- _Exercise goal_:
Scan the data below for lines holding the word "Volkswagen", and copy each line found.

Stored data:
####

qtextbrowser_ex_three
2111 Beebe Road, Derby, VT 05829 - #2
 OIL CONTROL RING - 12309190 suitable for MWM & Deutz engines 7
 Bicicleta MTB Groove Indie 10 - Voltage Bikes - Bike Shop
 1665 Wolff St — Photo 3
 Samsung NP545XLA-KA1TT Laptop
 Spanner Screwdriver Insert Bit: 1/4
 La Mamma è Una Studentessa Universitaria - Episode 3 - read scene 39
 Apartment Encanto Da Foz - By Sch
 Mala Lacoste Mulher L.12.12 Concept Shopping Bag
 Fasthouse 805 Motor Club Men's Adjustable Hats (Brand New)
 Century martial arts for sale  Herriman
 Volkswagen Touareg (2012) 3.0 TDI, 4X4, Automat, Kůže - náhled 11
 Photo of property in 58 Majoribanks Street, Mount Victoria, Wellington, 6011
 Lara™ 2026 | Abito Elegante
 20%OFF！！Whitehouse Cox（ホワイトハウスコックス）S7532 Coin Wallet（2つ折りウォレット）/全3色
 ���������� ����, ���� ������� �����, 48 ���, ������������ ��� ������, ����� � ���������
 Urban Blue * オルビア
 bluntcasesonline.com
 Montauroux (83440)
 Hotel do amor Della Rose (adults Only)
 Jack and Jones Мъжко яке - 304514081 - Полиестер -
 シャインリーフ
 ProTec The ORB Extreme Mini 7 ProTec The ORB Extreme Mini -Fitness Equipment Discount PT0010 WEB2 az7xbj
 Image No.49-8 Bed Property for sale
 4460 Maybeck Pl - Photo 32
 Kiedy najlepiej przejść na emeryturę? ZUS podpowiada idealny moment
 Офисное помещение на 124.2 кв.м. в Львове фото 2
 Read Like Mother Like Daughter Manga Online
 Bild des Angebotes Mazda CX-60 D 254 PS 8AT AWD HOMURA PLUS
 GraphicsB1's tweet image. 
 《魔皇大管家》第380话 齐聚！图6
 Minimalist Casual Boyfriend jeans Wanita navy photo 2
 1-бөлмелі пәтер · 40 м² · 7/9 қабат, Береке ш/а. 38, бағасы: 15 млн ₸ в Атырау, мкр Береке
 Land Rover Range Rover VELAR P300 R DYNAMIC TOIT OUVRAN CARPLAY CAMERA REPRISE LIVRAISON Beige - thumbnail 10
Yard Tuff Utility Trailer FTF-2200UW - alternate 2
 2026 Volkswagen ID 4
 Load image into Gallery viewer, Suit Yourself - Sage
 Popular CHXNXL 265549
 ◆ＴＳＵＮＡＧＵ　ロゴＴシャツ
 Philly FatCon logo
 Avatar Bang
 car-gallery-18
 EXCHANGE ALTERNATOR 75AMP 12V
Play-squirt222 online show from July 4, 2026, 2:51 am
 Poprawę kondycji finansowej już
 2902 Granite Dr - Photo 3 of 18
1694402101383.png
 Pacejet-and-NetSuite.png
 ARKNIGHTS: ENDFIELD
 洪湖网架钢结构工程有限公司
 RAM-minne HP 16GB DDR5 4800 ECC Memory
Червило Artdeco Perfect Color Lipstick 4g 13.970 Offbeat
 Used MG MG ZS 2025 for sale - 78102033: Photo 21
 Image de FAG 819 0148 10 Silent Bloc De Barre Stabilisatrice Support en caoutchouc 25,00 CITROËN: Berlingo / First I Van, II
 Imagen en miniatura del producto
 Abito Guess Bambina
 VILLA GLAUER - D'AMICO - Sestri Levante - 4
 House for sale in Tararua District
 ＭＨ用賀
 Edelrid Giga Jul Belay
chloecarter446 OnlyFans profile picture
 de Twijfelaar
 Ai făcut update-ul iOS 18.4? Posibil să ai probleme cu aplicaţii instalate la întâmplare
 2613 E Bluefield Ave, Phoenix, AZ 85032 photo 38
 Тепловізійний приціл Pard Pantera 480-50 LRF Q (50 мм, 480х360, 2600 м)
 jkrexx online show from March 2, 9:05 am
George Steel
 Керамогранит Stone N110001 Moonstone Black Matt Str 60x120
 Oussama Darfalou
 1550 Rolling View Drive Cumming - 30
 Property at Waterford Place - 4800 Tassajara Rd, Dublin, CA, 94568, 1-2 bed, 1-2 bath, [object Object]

####

- _Response to this exercise_:
 Volkswagen Touareg (2012) 3.0 TDI, 4X4, Automat, Kůže - náhled 11
 2026 Volkswagen ID 4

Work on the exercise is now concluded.